社会人選手になってからの豊富な練習量も知られているところですが、それだけではなく、それ以前からの"地道に走り続けてきた蓄積"が土台となって、オリンピックでの金メダル獲得をはじめ、世界でもトップクラスのマラソンランナーとなったということ。つまり、先に挙げた座右の銘とする言葉を、まさに実践したのです。

生きていれば、なにをやってもうまくいかない時期を過ごした経験は誰にでもあるはず。でも大切なのは、そこで腐ることなく、地道に努力を続けていけるかどうか。それが、のちに生かされることになるということ。たとえいまが不遇だったとしても、自分のスキルアップを着実に重ねていけば、いつかそれが花開く日は来るというわけです。(22ページより)


スキージャンプ/葛西紀明


40代の選手がメダルを獲って、あきらめなければできることを証明できた
(42ページより)

2014年に開催されたソチ五輪のノルディックスキー・ジャンプのラージヒルで銀メダルを獲得し、団体でも銅メダルを獲得したことで、葛西紀明は大きな注目を集めました。ジャンプは、20代後半までが第一線で活躍できる競技であるだけに、41歳でのメダル獲得は異例。そのため、日本のみならず海外でも大きく取り上げられたのです。
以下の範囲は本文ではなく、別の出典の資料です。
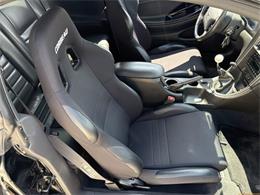 2002 Ford Mustang (CC-2082873) for sale in Statesville, North Carolina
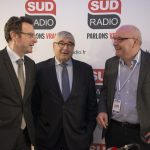 Forum Emploi Seniors 2018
ソチのあとも、日本のエースとして、日本代表選手のなかでもっともよい成績を残し続けているのが葛西。国際大会で表彰台に上がることも珍しくありませんが、こうした常識はずれの活躍を続ける原点は、1998年の長野五輪にあるのだそうです。このとき葛西は団体戦のメンバーからはずれ、チームメイトが金メダルを獲るのをただ見つめるしかなかったため、以来、「自分も金メダルを」と執念を燃やし続けたということ。

どれだけ執念があったとしても、どこかのタイミングであきらめてしまったとしても不思議はありません。ところが葛西には、あきらめるという選択肢はなかったということ。それどころか、若手選手が驚くほど徹底した自己管理を行い、トレーニングに手を抜くことなく、飛び続けてきたわけです。
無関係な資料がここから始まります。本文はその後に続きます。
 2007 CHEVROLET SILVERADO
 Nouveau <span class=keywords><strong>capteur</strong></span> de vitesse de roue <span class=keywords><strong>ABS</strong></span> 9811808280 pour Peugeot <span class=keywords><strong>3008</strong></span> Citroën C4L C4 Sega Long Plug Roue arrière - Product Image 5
そして、そんな日々を十数年も続けてきた結果、常に日本代表として大会にも出場し、現役であり続けたのです。メダル獲得の裏には、常人とは思えないほどの時間があったともいえるでしょう。

そんな葛西がクローズアップされるようになったのは、国内ではソチ五輪から。しかし海外ではそれ以前から注目され、尊敬を集めてきたといいます。たとえば2010年のバンクーバー五輪では、メダルを獲ったわけでもないのに、海外の記者が葛西を取り巻く場面があったほど。それだけ、葛西が歩んできた過程の尊さが理解されていたということになるでしょう。
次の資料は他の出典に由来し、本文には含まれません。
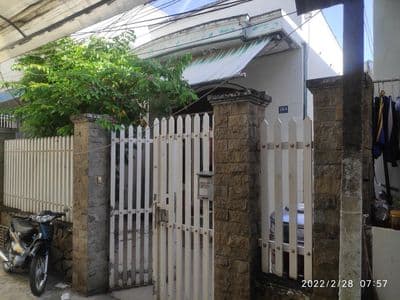 Chính chủ bán lô đất đường Phạm Ngũ Lão quận Ninh Kiều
葛西ほどの常人ならざる努力の日々を容易に真似ることはできないかもしれません。ただ、あきらめなければ、その先になんらかの可能性が生まれるのは事実。仕事でも同じで、「いまは無理だ」としか思えないプロジェクトの構想も、技量が上がっていけばやがて実現できるかもしれない。組織にとっても、個人にとっても、可能性を信じることは大切だという考え方です。(42ページより)




50名のエピソードがそれぞれ簡潔にまとめられているため、とても読みやすい構成。しかも各人の功績や考え方をビジネスと紐づけているので、スポーツに関心がないという人にとっても有効な内容であるといえます。仕事に疲れや限界を感じている人の背中を、しっかりと押してくれるような一冊です。